A low-interest rate environment, with quantitative easing taking place at central banks worldwide, is depressing yields on fixed assets,” Hanson said. As a result, “with low rates, equities remain attractive as a place to grow,” and investing in that environment requires a long-term horizon and discipline.
One dynamic that is changing the game for both investors and advisers is a broader sense of conservative investing—in some cases, to the point of costing younger investors the possible gains that can come from volatility.
“In 2008, we had the greatest financial crisis since the Depression, and just like the Great Depression had profound and sustained psychic impact on that generation, so has this recent crisis,” said James Battmer of Bukaty Companies. “You see it in a more conservative stance, higher cash reserves for both corporate and household, and household debt ratios, what they owe vs. what they earn, are at the lowest levels since Carter was president.”
Volatility, he said, had fathered an investment temperance movement. For younger investors in particular he said, that represents a real threat. “It’s affecting them in the long run; because they are younger, they need to be very aggressive, very diversified,” Battmer said. “Maintaining that conservative posture is probably hurting portfolio performance.”
One upside of it, he said, was that investors are less likely to chase get-rich-quick notions. The longest economic expansion in history has also been one of the weakest, he said, but “that plow-horse structure is what’s allowed it to continue on—no one is irrationally excited about anything.”
At Prime Capital Investment Advisors, CIO Chris Osmond noted the impact from lower interest rates and the likelihood that they could go even lower.

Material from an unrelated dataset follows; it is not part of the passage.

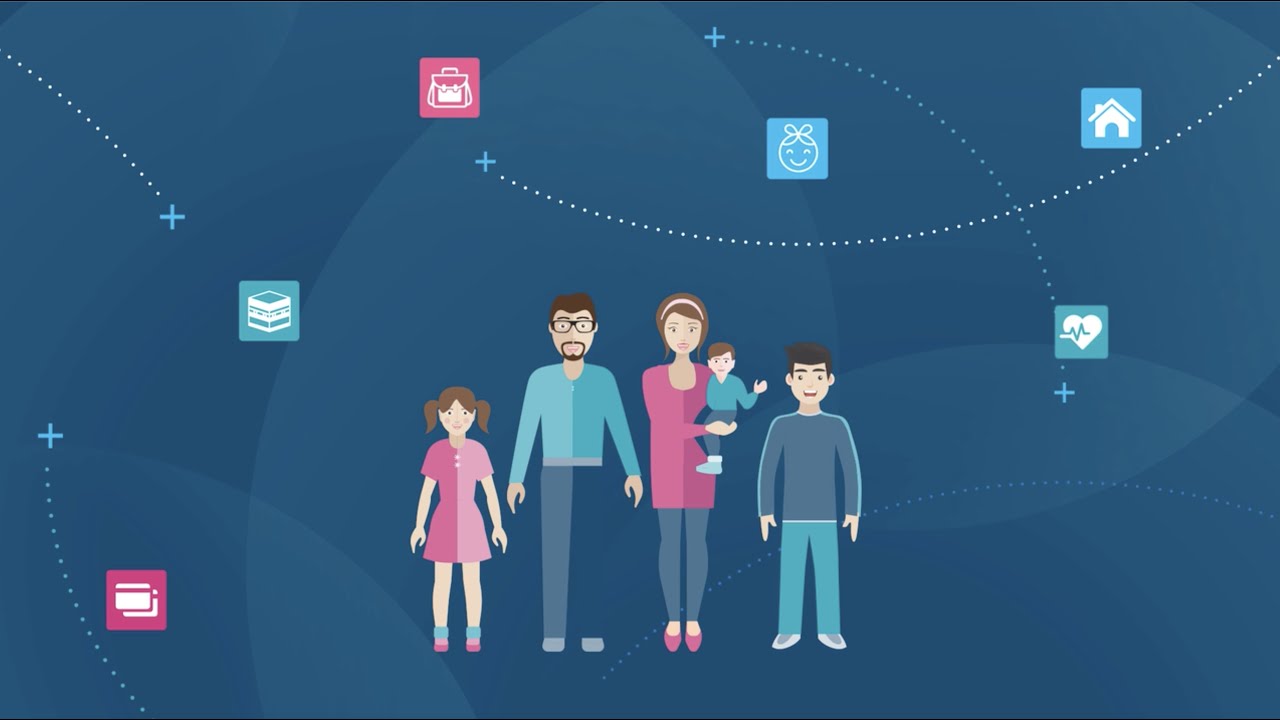 2019 - فيديو توضيحي لخدمات مؤسسة الأعمال الاجتماعية لموظفي وزارة الاقتصاد والمالية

“Investors are faced with an environment being propped up and dependent on a Fed turning extremely dovish and cutting rates, and the Fed is determined to do whatever it takes to keep the longest expansion in U.S. history going indefinitely,” he said. “As we witnessed markets sell-off following Fed Chairman Powell’s post-rate cut press conference, markets have unfortunately painted the Fed into a corner of pricing to perfection. Any Fed misstep as interpreted by the market, will continue to throw equity markets into a tizzy.”

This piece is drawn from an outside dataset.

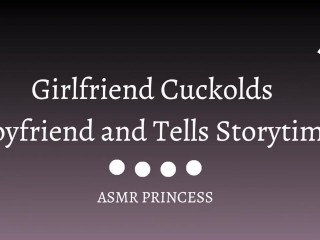 GirlfriendCheats and Gives Storytime ASMR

The same uncertainty that has driven investors to bonds, even with their lower yields, has pushed up gold prices. “With all this said, investor behavior in 2019 has been almost schizophrenic; investors are trying to prepare for a slowdown and brace for what feels like an inevitable pullback by flocking to bonds and gold,” Osmond said, yet they continue to drive stocks higher. Result? “Investors are stuck between a rock and hard place. Yield-seeking investors have nowhere to go, given the new Fed policy, and over $14 trillion of global debt in negative yielding territory. It is hard to imagine yields moving much above 2.0-2.25 percent from here.”
Volatility notwithstanding, fundamentals suggest investors can expect a low-growth environment to continue into 2020—even with some of the talk about higher tax rates voiced in the run-up to the presidential election.
“Even though we’ve seen a lot of volatility, this virtuous cycle could continue for a while,” says Ken Eaton, managing partner at Stepp & Rothwell in Overland Park. “The biggest concern is political, both with this administration with protectionism, and future higher taxes and increased regulation. Overall, the economy seems to be on pretty sure footing.”
As always, though, the future is really hard to predict. Plan for volatility, advisers say, and be prepared to deal with it.